Required action: Produce an exact copy of the first line of the data below and each line after it, please, up to and including the one with "2221 Roosevelt, Berkeley, CA".

[Opening Available data section]

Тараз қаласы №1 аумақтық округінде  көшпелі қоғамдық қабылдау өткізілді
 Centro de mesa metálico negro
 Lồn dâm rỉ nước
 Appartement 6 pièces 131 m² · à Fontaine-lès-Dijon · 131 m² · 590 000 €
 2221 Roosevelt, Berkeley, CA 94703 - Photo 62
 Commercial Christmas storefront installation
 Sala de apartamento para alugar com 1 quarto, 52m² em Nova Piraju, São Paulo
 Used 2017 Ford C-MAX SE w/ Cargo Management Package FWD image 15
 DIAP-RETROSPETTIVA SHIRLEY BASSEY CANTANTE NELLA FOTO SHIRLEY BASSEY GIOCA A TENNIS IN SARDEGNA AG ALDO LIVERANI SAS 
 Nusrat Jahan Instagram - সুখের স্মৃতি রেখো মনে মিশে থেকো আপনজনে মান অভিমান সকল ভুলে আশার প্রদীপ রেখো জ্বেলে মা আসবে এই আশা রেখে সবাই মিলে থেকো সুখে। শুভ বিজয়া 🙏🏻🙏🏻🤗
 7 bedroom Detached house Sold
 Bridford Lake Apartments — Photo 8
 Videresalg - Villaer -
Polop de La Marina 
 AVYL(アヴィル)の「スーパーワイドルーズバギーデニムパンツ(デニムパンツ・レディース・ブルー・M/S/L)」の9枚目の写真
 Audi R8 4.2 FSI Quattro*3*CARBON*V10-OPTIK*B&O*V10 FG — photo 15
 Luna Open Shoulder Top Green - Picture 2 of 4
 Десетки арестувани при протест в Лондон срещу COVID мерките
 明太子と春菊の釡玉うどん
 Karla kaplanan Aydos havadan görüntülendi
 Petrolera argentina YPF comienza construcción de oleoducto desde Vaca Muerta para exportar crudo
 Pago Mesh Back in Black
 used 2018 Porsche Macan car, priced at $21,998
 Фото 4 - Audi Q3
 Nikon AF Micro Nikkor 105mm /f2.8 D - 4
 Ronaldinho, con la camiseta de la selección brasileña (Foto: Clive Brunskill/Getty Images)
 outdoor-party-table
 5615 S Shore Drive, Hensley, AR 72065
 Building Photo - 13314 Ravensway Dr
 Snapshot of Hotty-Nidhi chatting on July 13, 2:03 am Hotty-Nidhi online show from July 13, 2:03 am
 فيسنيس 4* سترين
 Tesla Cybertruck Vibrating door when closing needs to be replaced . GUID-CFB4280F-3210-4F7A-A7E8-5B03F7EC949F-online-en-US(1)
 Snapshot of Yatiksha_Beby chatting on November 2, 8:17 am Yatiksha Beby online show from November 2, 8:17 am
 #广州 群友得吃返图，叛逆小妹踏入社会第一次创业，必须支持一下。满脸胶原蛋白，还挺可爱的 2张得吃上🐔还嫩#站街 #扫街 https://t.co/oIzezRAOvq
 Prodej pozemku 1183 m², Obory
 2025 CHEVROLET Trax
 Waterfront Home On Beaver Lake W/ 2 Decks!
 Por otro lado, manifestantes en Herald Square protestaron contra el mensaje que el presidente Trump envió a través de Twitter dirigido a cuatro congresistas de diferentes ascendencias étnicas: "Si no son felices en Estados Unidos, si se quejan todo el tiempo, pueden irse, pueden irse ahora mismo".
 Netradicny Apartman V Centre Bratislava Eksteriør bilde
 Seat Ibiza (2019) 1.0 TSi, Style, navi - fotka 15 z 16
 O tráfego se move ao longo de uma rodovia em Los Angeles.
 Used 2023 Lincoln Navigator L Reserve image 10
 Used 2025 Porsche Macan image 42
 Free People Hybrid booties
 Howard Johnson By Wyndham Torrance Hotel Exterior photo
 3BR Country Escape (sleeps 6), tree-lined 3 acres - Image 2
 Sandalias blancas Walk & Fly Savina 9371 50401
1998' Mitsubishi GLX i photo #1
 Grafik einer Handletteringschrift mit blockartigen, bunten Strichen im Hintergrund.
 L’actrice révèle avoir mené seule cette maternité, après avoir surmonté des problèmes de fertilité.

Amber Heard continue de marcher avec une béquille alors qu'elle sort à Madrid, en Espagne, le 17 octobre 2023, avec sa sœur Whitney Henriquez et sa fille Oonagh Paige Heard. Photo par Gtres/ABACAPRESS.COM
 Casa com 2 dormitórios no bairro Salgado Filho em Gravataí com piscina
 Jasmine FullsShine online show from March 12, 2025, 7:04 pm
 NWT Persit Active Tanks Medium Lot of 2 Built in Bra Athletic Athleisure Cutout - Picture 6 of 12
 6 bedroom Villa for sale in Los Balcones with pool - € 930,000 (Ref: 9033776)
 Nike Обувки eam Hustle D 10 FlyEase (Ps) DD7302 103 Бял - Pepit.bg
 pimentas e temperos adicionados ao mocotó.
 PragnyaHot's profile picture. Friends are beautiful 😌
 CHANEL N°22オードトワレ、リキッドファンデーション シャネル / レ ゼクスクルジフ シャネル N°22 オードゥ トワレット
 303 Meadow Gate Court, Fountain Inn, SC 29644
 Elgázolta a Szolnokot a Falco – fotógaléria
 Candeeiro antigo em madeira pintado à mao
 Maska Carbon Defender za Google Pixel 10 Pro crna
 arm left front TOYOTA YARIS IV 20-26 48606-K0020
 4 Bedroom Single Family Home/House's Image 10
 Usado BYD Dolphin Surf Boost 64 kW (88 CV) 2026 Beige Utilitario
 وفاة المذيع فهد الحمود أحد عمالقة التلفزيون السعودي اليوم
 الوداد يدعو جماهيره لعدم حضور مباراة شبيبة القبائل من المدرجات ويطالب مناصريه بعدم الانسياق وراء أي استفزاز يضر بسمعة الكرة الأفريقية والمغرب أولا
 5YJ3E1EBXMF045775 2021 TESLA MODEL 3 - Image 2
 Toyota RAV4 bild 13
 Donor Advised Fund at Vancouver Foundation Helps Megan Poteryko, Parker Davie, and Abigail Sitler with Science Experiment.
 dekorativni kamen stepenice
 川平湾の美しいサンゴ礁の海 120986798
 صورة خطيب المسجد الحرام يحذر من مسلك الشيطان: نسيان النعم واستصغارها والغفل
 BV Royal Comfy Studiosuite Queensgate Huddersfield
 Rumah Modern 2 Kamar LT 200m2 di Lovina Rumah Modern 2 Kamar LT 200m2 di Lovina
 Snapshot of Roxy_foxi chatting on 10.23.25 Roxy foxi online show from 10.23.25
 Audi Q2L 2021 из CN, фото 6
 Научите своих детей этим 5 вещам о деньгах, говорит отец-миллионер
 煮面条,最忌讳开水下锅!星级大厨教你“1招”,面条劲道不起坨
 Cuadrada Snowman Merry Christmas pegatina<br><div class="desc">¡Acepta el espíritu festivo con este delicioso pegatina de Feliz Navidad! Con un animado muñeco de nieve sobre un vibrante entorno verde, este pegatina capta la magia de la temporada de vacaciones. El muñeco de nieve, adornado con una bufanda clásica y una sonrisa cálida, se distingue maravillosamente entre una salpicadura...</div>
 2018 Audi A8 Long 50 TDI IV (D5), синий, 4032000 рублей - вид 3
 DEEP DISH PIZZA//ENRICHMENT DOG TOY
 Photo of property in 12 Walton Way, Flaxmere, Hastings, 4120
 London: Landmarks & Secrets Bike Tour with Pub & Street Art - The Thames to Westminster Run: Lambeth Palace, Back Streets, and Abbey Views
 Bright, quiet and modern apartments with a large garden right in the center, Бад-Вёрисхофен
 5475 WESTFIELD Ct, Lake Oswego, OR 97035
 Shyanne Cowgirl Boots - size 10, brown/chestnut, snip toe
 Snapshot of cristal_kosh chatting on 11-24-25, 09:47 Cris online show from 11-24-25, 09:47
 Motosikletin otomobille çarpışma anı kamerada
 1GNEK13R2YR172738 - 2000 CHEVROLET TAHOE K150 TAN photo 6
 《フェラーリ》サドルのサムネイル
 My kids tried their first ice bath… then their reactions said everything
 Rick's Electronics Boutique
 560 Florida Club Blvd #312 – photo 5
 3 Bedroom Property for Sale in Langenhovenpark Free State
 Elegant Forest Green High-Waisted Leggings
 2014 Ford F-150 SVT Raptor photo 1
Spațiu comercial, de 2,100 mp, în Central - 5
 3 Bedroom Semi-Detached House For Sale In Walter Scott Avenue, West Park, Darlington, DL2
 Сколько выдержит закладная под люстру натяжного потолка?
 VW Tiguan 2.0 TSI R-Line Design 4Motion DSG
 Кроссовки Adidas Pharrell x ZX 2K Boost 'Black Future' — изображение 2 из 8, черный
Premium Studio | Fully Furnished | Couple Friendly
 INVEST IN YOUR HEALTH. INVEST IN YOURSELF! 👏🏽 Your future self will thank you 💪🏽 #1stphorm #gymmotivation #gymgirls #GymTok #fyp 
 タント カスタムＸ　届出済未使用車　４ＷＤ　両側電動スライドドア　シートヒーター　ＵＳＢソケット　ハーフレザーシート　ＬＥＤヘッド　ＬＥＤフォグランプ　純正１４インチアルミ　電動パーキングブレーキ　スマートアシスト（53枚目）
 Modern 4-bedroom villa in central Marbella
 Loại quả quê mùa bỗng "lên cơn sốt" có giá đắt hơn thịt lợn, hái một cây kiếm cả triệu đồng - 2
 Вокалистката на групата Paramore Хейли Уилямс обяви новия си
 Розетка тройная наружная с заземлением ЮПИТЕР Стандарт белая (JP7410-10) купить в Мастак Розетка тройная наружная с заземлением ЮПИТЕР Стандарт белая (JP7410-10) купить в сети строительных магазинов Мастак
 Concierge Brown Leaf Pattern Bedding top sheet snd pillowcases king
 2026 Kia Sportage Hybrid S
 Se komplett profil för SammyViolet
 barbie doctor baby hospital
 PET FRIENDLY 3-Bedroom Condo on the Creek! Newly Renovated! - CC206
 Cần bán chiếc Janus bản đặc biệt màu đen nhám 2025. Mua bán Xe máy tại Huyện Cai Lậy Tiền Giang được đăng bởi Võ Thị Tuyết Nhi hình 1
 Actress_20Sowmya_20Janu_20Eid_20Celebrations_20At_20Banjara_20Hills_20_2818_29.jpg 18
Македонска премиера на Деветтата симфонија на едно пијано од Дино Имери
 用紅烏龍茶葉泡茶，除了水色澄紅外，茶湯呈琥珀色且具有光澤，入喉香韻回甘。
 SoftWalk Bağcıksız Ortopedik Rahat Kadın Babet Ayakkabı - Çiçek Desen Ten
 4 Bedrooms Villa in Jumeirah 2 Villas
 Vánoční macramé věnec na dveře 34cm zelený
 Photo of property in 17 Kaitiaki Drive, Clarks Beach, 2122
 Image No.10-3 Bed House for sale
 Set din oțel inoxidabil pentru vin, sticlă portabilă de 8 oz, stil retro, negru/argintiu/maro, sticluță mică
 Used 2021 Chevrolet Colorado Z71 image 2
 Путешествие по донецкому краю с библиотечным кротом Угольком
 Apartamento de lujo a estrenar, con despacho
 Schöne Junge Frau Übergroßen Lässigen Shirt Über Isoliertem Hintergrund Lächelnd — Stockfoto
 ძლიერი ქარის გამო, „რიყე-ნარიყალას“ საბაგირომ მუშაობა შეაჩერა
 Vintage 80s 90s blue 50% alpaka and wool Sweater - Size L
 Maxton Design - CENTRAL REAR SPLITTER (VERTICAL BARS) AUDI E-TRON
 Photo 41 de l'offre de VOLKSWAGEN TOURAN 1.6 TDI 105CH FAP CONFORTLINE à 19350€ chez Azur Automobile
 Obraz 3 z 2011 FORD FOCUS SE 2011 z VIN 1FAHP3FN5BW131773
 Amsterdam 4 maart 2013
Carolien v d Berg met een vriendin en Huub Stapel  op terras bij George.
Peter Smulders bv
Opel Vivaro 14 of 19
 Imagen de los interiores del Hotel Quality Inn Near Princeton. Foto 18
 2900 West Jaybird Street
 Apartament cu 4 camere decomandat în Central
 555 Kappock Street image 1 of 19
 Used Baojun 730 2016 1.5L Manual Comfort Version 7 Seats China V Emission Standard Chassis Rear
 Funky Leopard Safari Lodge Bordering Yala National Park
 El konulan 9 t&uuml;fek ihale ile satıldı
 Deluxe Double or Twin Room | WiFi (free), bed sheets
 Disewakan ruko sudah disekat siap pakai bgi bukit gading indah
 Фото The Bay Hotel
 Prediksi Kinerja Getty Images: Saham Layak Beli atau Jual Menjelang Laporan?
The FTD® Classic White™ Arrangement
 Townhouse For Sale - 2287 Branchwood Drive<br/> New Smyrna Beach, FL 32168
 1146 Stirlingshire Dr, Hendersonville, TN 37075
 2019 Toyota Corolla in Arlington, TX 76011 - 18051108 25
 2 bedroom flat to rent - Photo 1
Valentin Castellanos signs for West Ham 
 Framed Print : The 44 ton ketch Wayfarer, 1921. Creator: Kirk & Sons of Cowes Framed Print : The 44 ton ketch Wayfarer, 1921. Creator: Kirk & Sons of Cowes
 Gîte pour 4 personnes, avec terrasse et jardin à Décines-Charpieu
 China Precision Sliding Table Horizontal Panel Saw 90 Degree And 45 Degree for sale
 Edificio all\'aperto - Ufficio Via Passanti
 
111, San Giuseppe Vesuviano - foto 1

[Closing Available data section]

Solved problem:
Тараз қаласы №1 аумақтық округінде  көшпелі қоғамдық қабылдау өткізілді
 Centro de mesa metálico negro
 Lồn dâm rỉ nước
 Appartement 6 pièces 131 m² · à Fontaine-lès-Dijon · 131 m² · 590 000 €
 2221 Roosevelt, Berkeley, CA 94703 - Photo 62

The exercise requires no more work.